**Material for this exercise**.
====
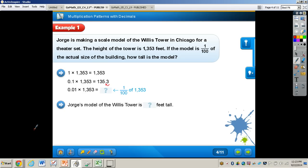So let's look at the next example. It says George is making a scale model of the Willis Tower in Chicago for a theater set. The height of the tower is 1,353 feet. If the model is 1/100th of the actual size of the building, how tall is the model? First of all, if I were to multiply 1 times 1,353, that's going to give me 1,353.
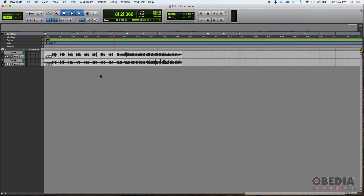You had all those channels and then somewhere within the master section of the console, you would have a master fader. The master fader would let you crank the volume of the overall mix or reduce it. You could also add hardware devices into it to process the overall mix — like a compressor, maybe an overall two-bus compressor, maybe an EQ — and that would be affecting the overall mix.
====
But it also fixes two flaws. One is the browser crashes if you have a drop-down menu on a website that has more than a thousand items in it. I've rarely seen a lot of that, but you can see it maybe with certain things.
====
**What you should do**. Taking the entries above, extract every line from the one bearing "So let's look" through the one bearing "You had all", exactly, with no pictures.

**Result of this task**.
So let's look at the next example. It says George is making a scale model of the Willis Tower in Chicago for a theater set. The height of the tower is 1,353 feet. If the model is 1/100th of the actual size of the building, how tall is the model? First of all, if I were to multiply 1 times 1,353, that's going to give me 1,353.
You had all those channels and then somewhere within the master section of the console, you would have a master fader. The master fader would let you crank the volume of the overall mix or reduce it. You could also add hardware devices into it to process the overall mix — like a compressor, maybe an overall two-bus compressor, maybe an EQ — and that would be affecting the overall mix.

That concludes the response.